The Truth about My “Collections”


I am a hoarder.

My watercolor teacher and mentor, the fabulous Gail Bokor, told me (when she saw my piles of driftwood and shells and fishing line and scrap lumber and countless found objects)  that you can’t be an artist without being a hoarder.    Yay!!!!  Finally, an excuse.!  I must be an artist!  And truly, to me, almost everything has  potential as some  piece of art…perhaps mixed media, or a wall hanging, or a piece of jewelry. In particular, I find beauty in everything natural I find on the beach.   A shell doesn’t have to be perfect to be spectacular.  Shells that are broken and with barnacles are to be treasured because their imperfections tell the story of their journey in the sea.  One with holes has evidence of its interaction with mollusks that bored into it or with the salt water and  waves crashing into the sandy ocean floor.  Fragments have stories to tell of encounters with harsh elements or tougher opponents.   

The problem is, I will never be able to use all that I have hoarded.  The good news is, I have so much to choose from.  

Now, my husband is a hoarder, too.  Actually, that could be a good thing, because he shouldn’t  complain about my “collections.”    However, I must tell you that his choices of things to keep are not in the same league as mine.  Once I watched him spend two entire days taking  rusty nails out of boards (good) and then sorting and saving  them (what?).

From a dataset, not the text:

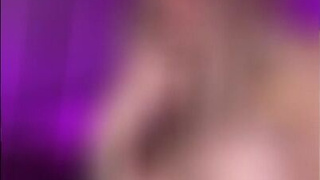 Горячее порно видео онлайн – страстный секс с развратной красоткой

He has multiple copies of the same science textbook, moldy from being in the garage, that say, “Someday, man will land on the moon.”  I have no idea how many bicycles we have which “can be fixed.”  

True story.  One Christmas, one of my gifts was to be able to park  my car in our garage.  Finally, the day came!  He pulled my car into the garage.  Then came the words, “ I didn’t tell you that you could get out of the car,” and I couldn’t!   

The rest of the story:  I have to admit that some of his dumpster diving and insane hoarding has had incredible results.  His pumpkin plywood has become a wonderful Cinderella craft cabinet.  He “bits and pieces”d a bicycle storage lean-to.  He delights in finding creative and inexpensive ways to use his hoarded lumber.  He even built bookcases for the  crusty books and the albums he rescued from the trash while at FTU  (which became UCF in 1978).  

In reality, we are quite the pair of “hunters and gatherers.”  Or artists?  

I am SO very glad he’s not blogging about my hoarding habit, because I may have sugar-coated it a bit.  A lot. 

As I think about what I just wrote, I realize how lucky I am.  Another day of counting my blessings, being grateful to and for my husband.  Loving the fact that we have the time and the health to plan and execute those plans for our “objets d’art.”   And rejoicing that we haven’t gotten to the point of being featured on A & E’s “Hoarders.”  Yet.